A lot of people complain about being bored at work. They suggest the reason they’re bored is the nature of the work. That is to place the responsibility for your level of engagement on something external, instead of recognizing that it is internal. How you feel about your work is a decision. The difference between work being boring and work that engages you—or even inspires you—is your willingness to bring your best self to that work.
If you decide to make any project or task a passion project, giving yourself over that work, that work will not be boring. By the very nature of the energy you bring the work, it simply cannot be boring.
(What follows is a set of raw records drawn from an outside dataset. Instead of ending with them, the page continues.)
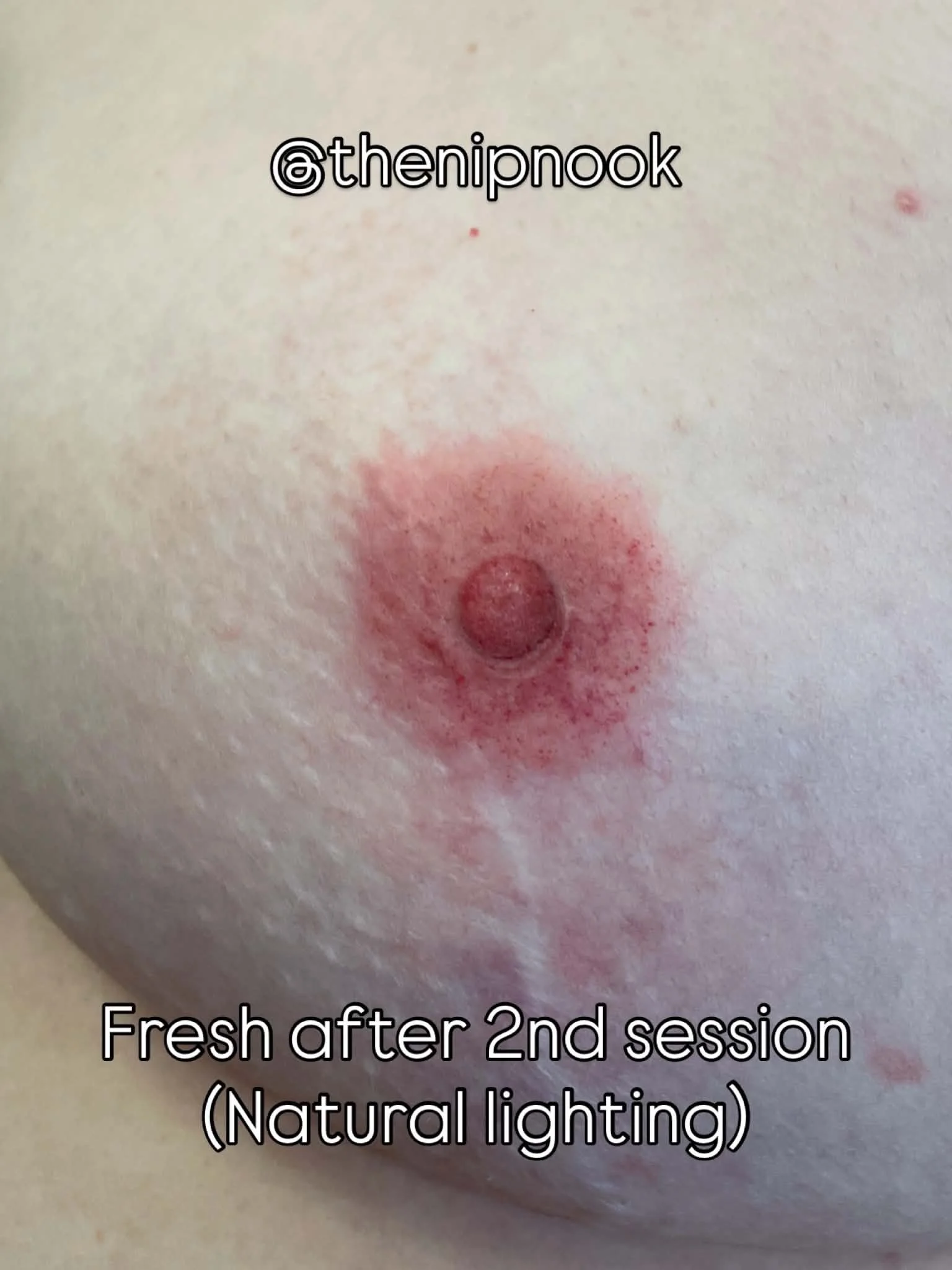 Close-up of a pierced nipple with some redness and healing signs, captioned about fresh piercing after 2nd session under natural lighting.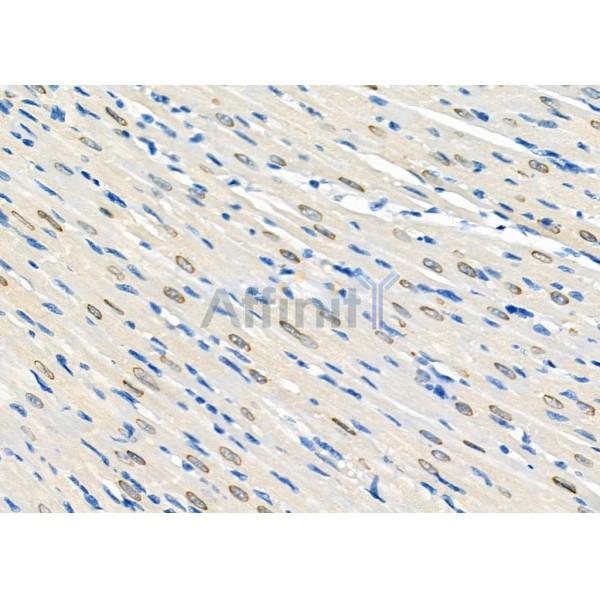 Валидация Affinity DF8887 - 20995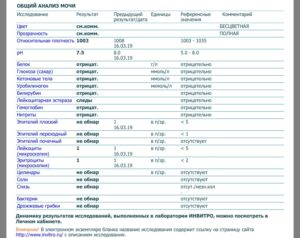 Частое обильное мочеиспускание, кетоны в моче, повышен ТТГ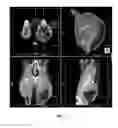 Fig. 04 - METHODS OF REDUCING ADVERSE EFFECTS OF NON-THERMAL ABLATION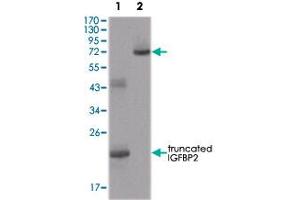 Western blot analysis using IGFBP2 monoclonal antibody, clone 1F6F6  against truncated IGFBP2-His recombinant protein (1) and truncated IGFBP2 (aa 40-328)-hIgGFc transfected CHO-K1 cell lysate (2).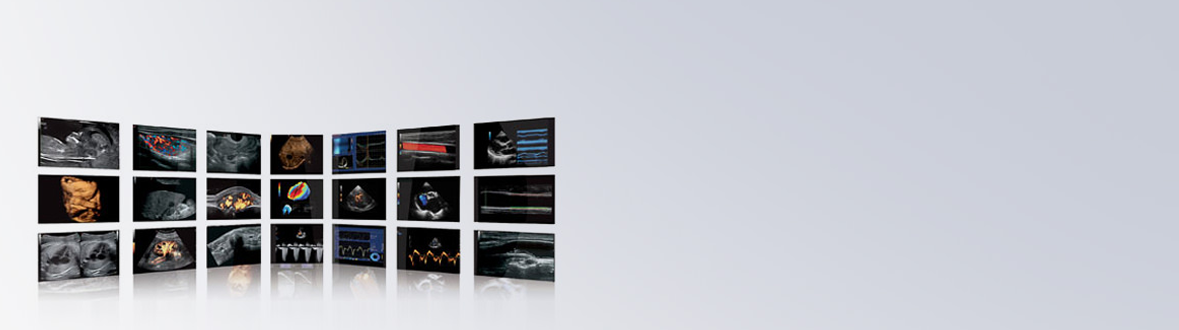 Esaote Ultrasound Additional Systems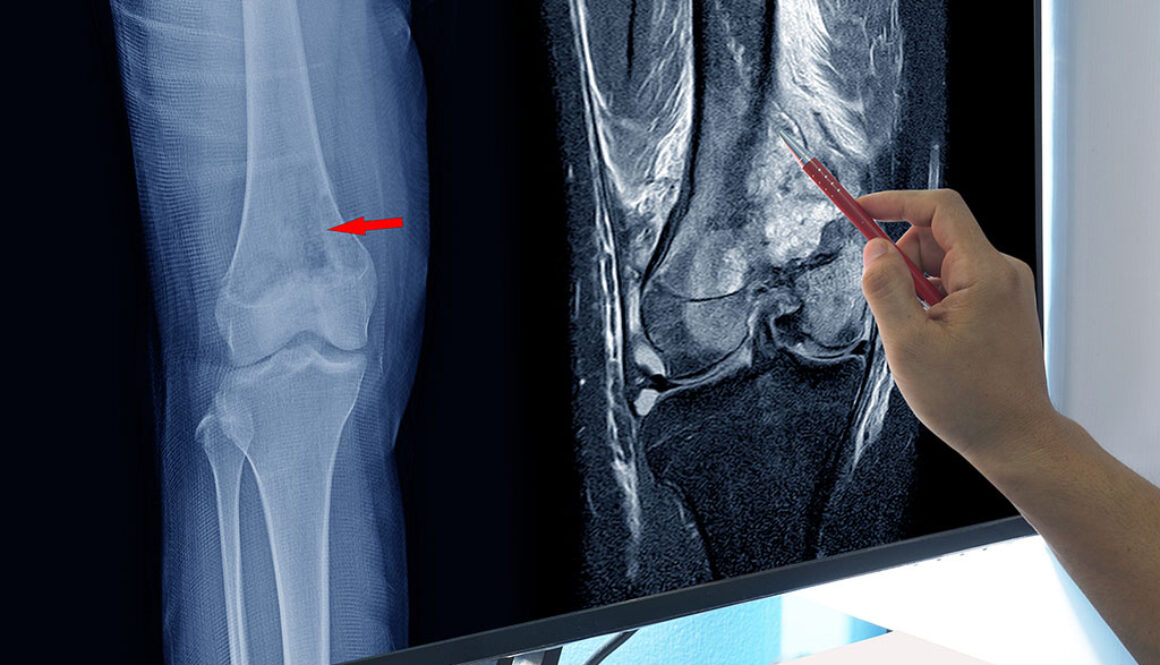 A Orthopedic Doctor Pointing To An Image On A Computer Screen Showing An MRI Vs X-Ray Of A Patient's Knee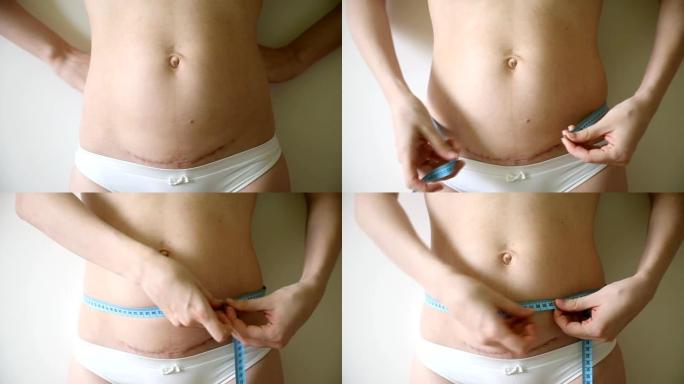 剖宫产妇女产后产后疤痕测量腰部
Your effort, your energy, and your imagination are the variables when it comes to the quality of the work—and whether or not you are bored.
The fact that you infuse the project with your talents and energies magically transforms something that might have been boring into something spectacular. Or maybe even better than spectacular, maybe something exceptional. It could set a new bar for what good looks like.
The more challenging the project, the more interesting it becomes. If a project causes you to stretch and grow to obtain some outcome, it cannot be boring. This is true even if what you’re doing is not your favorite thing to do. The truth of the matter is much more in line with what Martin Luther King said:
“If a man is called to be a street sweeper, he should sweep streets even as a Michelangelo painted, or Beethoven composed music, or Shakespeare wrote poetry. He should sweep streets so well that all the hosts of heaven and earth will pause to say, ‘Here lived a great street sweeper who did his job well.”
The Buddhists would agree with Dr. King but say it in a different way. They would tell you that how you do anything is how you do everything.
If the work is not challenging, then change the outcome to set a new standard that others will struggle to follow. Raise the bar on yourself and do work that is extraordinary. If you are bored, challenge yourself.